One of the questions asked raises a broader point: “Should the [U.S. Bureau of Land Management (BLM)] consider other factors in determining what royalty level might provide a fair return, such as life cycle costs, externalities, or the social costs associated with the extraction and use of the oil and gas resources? If the BLM should consider such factors, please explain how it should do so.”
In a public interest comment recently filed in the ANPR docket, Shawn Regan of the Property and Environment Research Center and I suggest an answer to this question on social costs. Quoting from our comment:
Federal lands offered for oil and gas leasing often contain a wide range of non-energy characteristics. If the BLM could accurately determine the full social cost of developing energy resources for each property, in principle the value could be employed as a property-specific minimum acceptable bid in the lease auction. Such a change would ensure that properties are developed only when the value of the energy resources produced is expected to be greater than the value of the environmental benefits sacrificed.

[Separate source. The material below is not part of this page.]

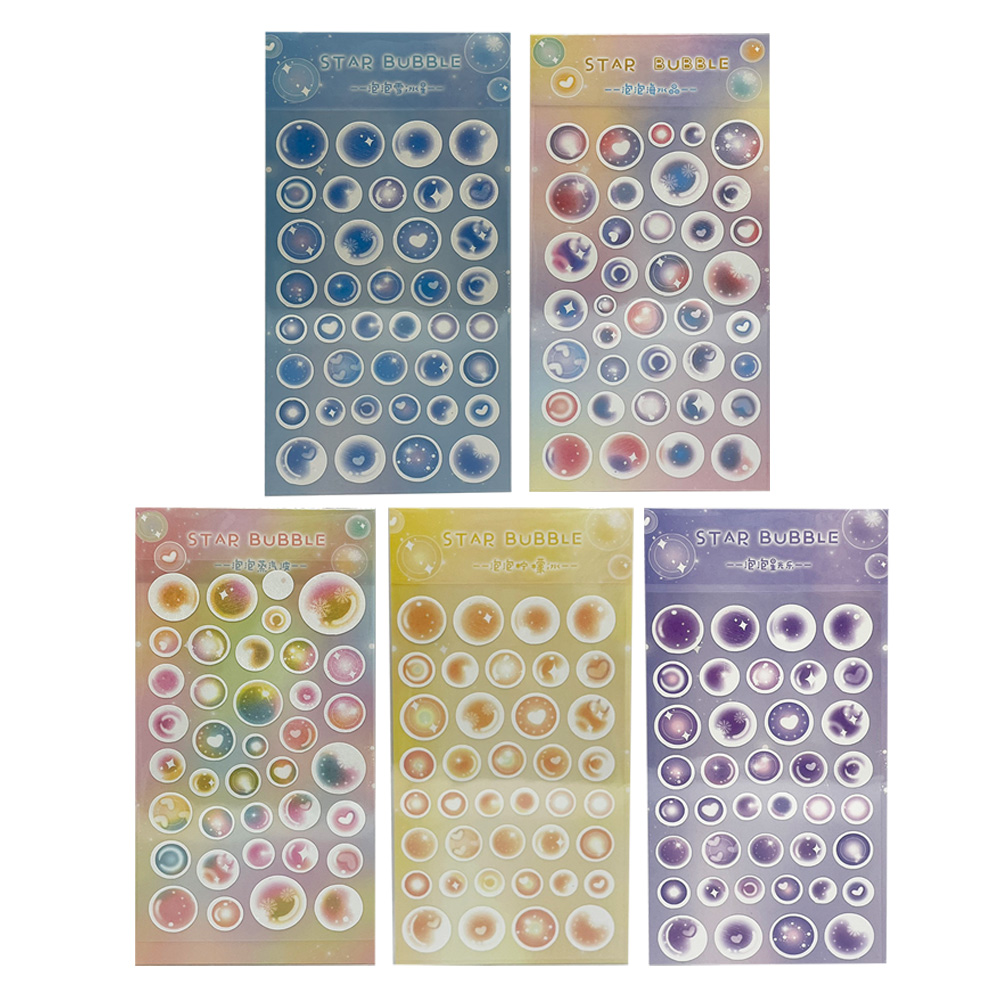 星光泡泡咕卡貼紙  JTP2001-07(款式隨機出貨)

Two problems arise. First, under current federal law BLM is constrained to employ a single minimum acceptable bid nationwide. Second, and more importantly, federal lands are potentially valued for a wide variety of use and non-use values, some of which values complement each other and some of which conflict. No method reliably integrates the variety of diverse, predominantly subjective, and sometimes conflicting values into a single, uncontroversial auction reserve price.

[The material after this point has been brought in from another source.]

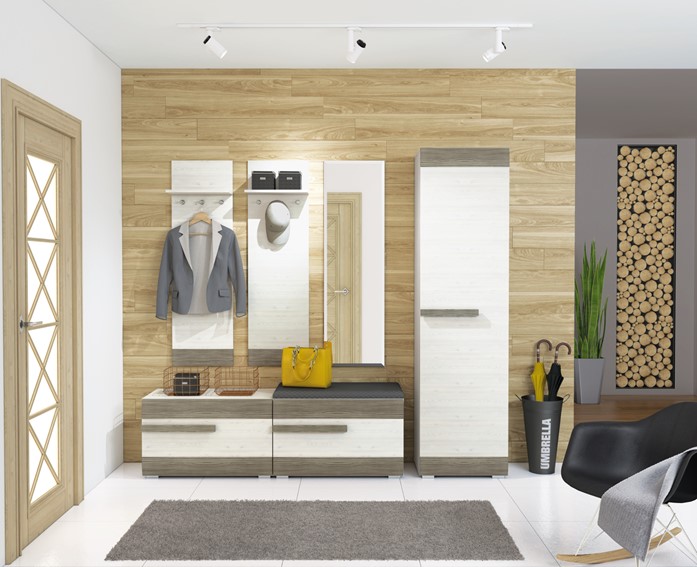 Szafka na buty BLANCO 21N Sosna śnieżna/MDF New Grey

We suggest that these subjective and conflicting values could be incorporated into federal land practices by direct participation of recreation, environmental, and conservation groups in oil and gas auctions. Should these groups desire that a property be held out of development, they simply need to outbid oil and gas developers in the lease auction.
In this system, the highest bid from a conservation group serves as a reserve price. An oil and gas developer would have to bid higher than the highest conservation group bid to obtain the lease. Should a conservation group bid the highest, it obtains the rights to either develop oil and gas resources or hold the property out of development. The greater the conservation values at stake, the greater would be the likely bids from conservation groups. The process would at least in part mimic a system in which the BLM could measure the social costs of oil and gas development and employ that measurement as a minimum bid price in the lease sale.

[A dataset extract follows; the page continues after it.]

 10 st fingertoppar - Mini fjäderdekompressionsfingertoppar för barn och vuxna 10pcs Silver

We do not claim our suggestion would work perfectly, only that it provides an approach to bringing social costs into the leasing system and no administrative system would do a better job. Our proposal is not fully developed in the comment filed, but we do address a few obvious questions.
Feedback appreciated, so take a look and let us know what you think.
So far only one other “academic-y” comment filed in the docket. Jayni Foley Hein of the NYU School of Law submitted a detailed report, “Harmonizing Preservation and Production: How Modernizing the Department of Interior’s Fiscal Terms for Oil, Gas, and Coal Leases Can Ensure a Fair Return to the American Public.” (Have not had a chance to read it yet.)
By the way, the deadline for comments in response to the ANPR has been extended to June 19, so if you have a view on social costs or the government take associated with oil and gas leasing on federal lands, feel free to let the Department know how you feel.